▶ **MATERIAL FOR THIS TASK**
--
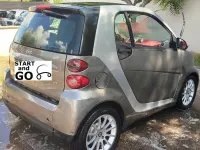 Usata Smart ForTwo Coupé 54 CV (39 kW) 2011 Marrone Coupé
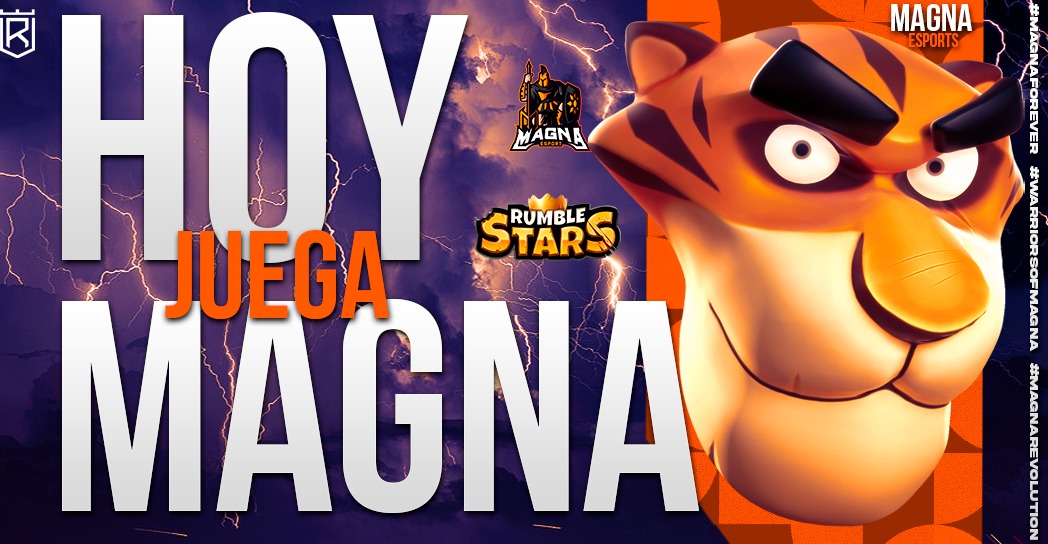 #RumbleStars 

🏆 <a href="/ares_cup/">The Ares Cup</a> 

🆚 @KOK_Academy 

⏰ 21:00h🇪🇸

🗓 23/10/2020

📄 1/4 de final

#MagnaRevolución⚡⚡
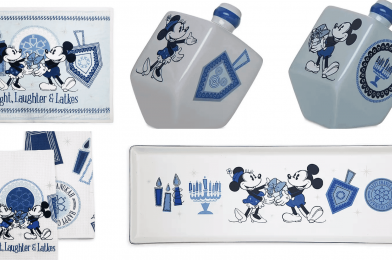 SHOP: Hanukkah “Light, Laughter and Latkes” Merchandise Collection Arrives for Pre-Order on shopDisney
--
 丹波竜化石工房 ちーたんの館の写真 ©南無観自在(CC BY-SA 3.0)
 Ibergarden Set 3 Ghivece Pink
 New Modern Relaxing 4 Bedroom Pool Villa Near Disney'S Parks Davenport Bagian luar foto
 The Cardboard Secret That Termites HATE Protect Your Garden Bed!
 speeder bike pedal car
--
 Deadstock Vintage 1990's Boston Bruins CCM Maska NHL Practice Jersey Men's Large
--
▶ **PROBLEM TO WORK ON**
Once you reach the line with "Ibergarden Set 3 Ghivece Pink" in the data above, copy it and every line after it exactly, up to and including the line with "speeder bike pedal car".

▶ **EXERCISE ANSWER**
 Ibergarden Set 3 Ghivece Pink
 New Modern Relaxing 4 Bedroom Pool Villa Near Disney'S Parks Davenport Bagian luar foto
 The Cardboard Secret That Termites HATE Protect Your Garden Bed!
 speeder bike pedal car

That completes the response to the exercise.